Au Maroc comme ailleurs, quand on voyage en van ou en 4×4 aménagé, la recherche de spots reste toujours la quête de fin d’après-midi, histoire d’être sûrs qu’on trouvera un lieu sécurisé avant que le soleil ne tire sa révérence. On le sait pourtant, la chasse à l’aveugle n’a jamais rien de bon, on avait pourtant bon espoir.

 

 

On trouve un bout de côte sauvage Marocaine qui nous semble assez sympa, mais peu praticable. Entre vous et nous, le pas pratiquable, ça nous challenge, alors on poursuit. Hélas l’arrivée à El Jazira n’est pas fameuse :  nombreux déchets sur le bord des routes, pollution et grosses usines, rien n’est beau à voir ni à vivre, ici. Pourtant il va bien falloir songer à trouver un lieu où dormir avant la nuit. On décide alors de traverser rapidement et d’explorer la côte de l’autre côté de la ville : raté,  tous les spots sont de véritables déchetteries publiques. Finalement, on repère une plage, on fonce, le spot semble parfait, mais s’enlise dans le sable. On galère pour se sortir de là et on décide de ne pas rester ici. On tente et on retente, mais ce sont toujours les mêmes problématiques. La nuit commence à tomber, on cherche encore, on s’impatiente, on a faim, encore, on est fatigués, encore plus. On lâche prise, on tente de trouver un camping, mais rien n’est ouvert dans le coin, c’est désert-land. Ce n’est vraiment pas notre journée. On s’engueule, on en a ras le bol. On arrive au bout d’un chemin de sable, face à la mer, il fait noir, et d’après ce qu’on devine, le sol est répugnant à se choper le tétanos. Tant pis on fera avec , une soupe et au lit.

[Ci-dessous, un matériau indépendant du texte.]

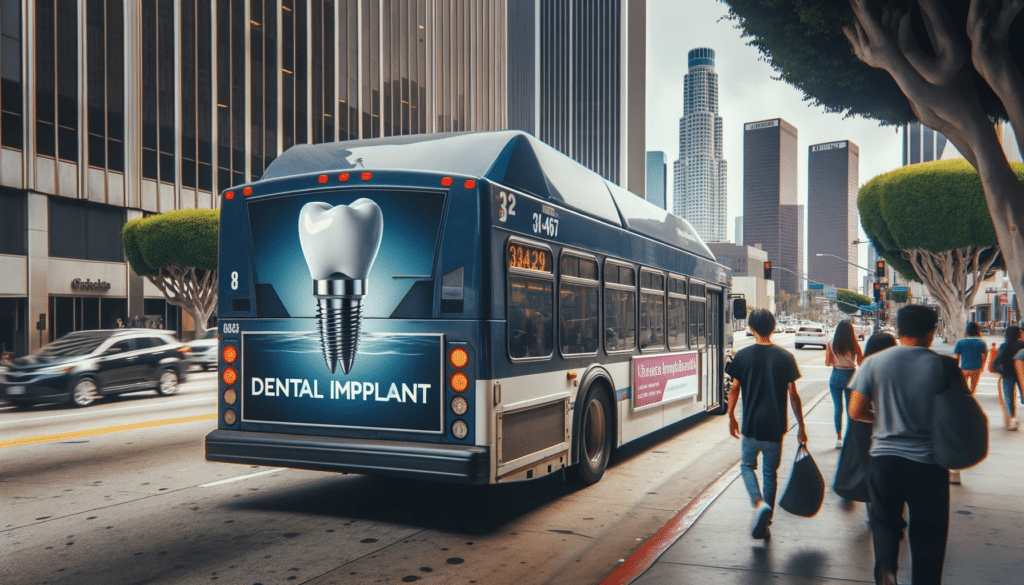 Los Angeles bus with dental implant advertisement on the back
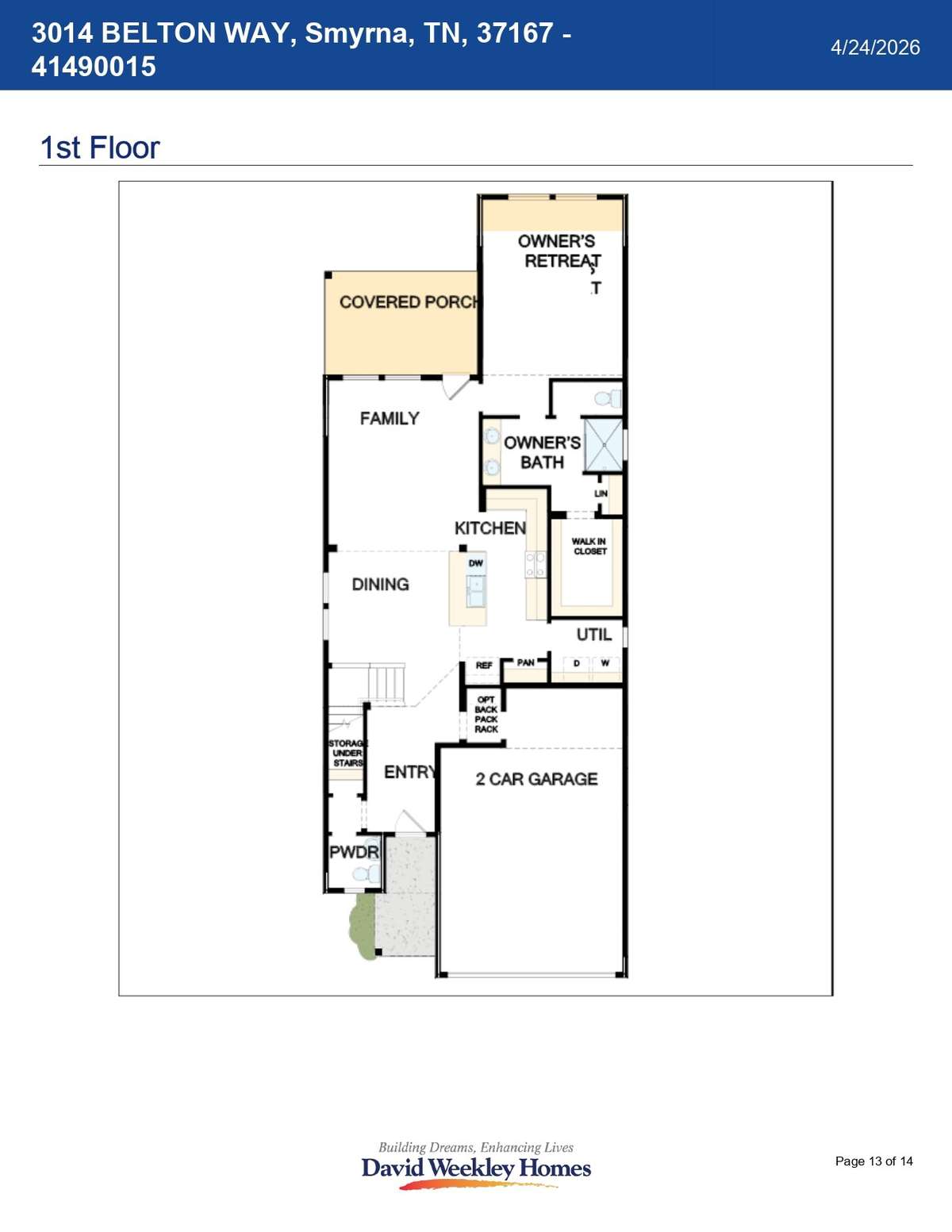 actual layout of this home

Roadtrip jusqu’à Fès  : la route côtière de Casablanca

Jour 13, juin 2017 

On se réveille avec le bruit des vagues qui claquent et un sol est toujours autant dégueulasse (aucun jugement, c’est juste factuel pour le coup). On essaie d’enrailler la réalité, alors on reste quelques instants dans la voiture à observer le monde par la lunette, et on s’extirpe directement du 4×4 pour aller petit-déjeuner sur plage. On laisse la terre souillée dernière nous pendant qu’on se réveille doucement au fil de l’eau et de la fraicheur du matin. On observe l’océan autour d’un café chaud et de nos baghrirs.

Reprise de la route, c’est un no man’s land, mais la ville suivante est une jolie surprise. C’est Azemmour qui nous apparaît tout à fait charmante. Dommage, nous n’avons pas le temps de nous y attarder plus que ça parce que nous avons encore du chemin jusqu’à Casablanca. On décide d’emprunter la route « touristique », côté mer, plus longue, mais normalement plus jolie. Raté. Encore.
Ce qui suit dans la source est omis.